Opti-GEMM

A CUDA-focused GEMM performance engineering project > Build → Benchmark → Profile → Understand why cuBLAS wins.

Overview

Opti-GEMM is a GPU performance engineering project centered around a single computational kernel: General Matrix Multiplication (GEMM).

The repository starts with a simple CPU implementation used exclusively for correctness validation, then progressively evolves through increasingly optimized CUDA kernels. Rather than treating GPU optimization as a black box, this project treats hardware as a visible playground—empirically measuring how changing memory access patterns and tiling dimensions impacts execution efficiency across different microarchitectures.

Core Objectives

Algorithmic Progression: Implement progressively optimized CUDA GEMM kernels from scratch, transitioning workloads from global VRAM down to shared memory and registers.
Architectural Awareness: Document how distinct NVIDIA architectures (e.g., Pascal vs.
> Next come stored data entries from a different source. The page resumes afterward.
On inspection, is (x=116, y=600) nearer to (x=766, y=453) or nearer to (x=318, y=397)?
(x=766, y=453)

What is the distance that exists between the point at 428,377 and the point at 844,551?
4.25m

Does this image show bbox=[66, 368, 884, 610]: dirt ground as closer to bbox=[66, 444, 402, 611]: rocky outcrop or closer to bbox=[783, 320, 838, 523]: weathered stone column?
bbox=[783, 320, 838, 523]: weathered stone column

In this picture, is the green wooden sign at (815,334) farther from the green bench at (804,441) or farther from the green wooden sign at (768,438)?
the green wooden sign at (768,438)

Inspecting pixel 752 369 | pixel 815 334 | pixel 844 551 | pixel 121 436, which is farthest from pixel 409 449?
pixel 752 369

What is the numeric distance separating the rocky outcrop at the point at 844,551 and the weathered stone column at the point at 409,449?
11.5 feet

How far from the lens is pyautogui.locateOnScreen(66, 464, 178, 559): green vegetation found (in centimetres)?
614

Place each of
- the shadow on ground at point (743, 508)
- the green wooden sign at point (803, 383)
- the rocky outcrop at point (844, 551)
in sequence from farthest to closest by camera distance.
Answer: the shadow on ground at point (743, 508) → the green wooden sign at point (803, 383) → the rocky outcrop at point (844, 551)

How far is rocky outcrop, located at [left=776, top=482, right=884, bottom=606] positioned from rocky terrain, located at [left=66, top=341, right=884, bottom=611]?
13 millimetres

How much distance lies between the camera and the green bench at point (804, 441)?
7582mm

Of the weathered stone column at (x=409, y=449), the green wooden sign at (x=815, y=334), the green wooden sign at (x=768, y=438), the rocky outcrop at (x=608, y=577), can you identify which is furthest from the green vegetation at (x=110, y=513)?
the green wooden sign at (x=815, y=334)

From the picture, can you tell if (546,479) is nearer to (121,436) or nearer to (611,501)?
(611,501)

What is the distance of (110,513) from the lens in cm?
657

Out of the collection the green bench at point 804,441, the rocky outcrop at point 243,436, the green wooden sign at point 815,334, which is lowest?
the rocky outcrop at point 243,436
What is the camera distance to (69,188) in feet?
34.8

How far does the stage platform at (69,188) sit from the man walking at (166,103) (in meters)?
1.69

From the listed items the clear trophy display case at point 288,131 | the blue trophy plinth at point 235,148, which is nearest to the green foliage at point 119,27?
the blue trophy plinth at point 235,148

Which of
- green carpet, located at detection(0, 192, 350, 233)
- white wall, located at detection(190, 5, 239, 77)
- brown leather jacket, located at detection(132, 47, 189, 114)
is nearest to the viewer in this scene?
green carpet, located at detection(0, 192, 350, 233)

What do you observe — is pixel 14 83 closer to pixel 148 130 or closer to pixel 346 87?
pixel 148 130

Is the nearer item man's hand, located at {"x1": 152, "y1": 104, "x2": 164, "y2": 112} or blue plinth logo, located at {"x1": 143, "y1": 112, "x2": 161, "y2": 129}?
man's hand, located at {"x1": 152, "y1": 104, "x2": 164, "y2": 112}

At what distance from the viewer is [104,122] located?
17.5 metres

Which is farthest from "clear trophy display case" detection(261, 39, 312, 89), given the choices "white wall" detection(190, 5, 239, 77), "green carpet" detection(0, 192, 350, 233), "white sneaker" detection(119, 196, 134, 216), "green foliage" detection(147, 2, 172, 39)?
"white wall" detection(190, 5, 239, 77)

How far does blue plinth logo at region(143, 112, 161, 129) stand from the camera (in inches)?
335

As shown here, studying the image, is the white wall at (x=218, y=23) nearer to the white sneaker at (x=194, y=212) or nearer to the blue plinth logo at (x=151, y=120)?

Turing) handle unified L1 caching, and why a software optimization that shines on one GPU can be hidden by the hardware on another.
Measurement-Driven Engineering: Profile every iteration using Nsight Compute to trace warp stalls, memory throughput, and register utilization against a production baseline like cuBLAS.

Current Status & Roadmap

CPU Baseline (Stage 0) ──> Naive CUDA (Stage 1) ──> Shared Memory Tiling (Stage 2) ──> Register Blocking (Stage 3) ──> Warp-Level Tiling (Stage 4)

Optimization Stage	Target Layer	Status	Engineering Focus
Stage 0: CPU Baseline	Host System	Complete	Matrix allocation pipelines, initialization, and correctness validation.
Stage 1: Naive CUDA	Global Memory	Complete	Thread/block dimensional alignment, row-major layout, memory coalescing.
Stage 2: Tiled SMEM	Shared Memory	Complete	Collaborative block-level loading to reduce global VRAM bandwidth pressure.
Stage 3: Reg Block	Register File	In Progress	Thread coarsening via micro-tiles to store intermediate metrics inside registers.
Stage 4: Warp Tile	Instruction/Warp	In Progress	Explicit warp scheduling layouts and targeting tensor core primitives.
Stage 5: cuBLAS Match	Hardware Limit	Planned	Profiling handwritten kernels against closed-source assembly-level optimization.

── Empirical Benchmarks & Hardware Insights

The benchmark suite reveals critical behavioral variances when shifting optimization tiers across different hardware microarchitectures at a fixed 4096 × 4096 × 4096 problem size.

1. Tesla T4 (Turing Architecture • Compute Capability 7.5)

Theoretical Peak: ~8,140.80 GFLOP/s (FP32)
Architectural Takeaway: Turing incorporates a highly aggressive, unified L1 Data Cache / Shared Memory layout. The hardware automatically caches global reads for the Naive kernel. Consequently, the manual synchronization barrier (__syncthreads()) and pointer arithmetic overhead inside the standard Tiled-SMEM kernel actually run slightly slower than the unoptimized baseline.

Algorithm	Execution Time (ms)	Attained GFLOP/s	Hardware Efficiency
Naive CUDA	210.335	653.43	8.03%
Tiled-SMEM	217.900	630.74	7.75%

2. Tesla P100 (Pascal Architecture • Compute Capability 6.0)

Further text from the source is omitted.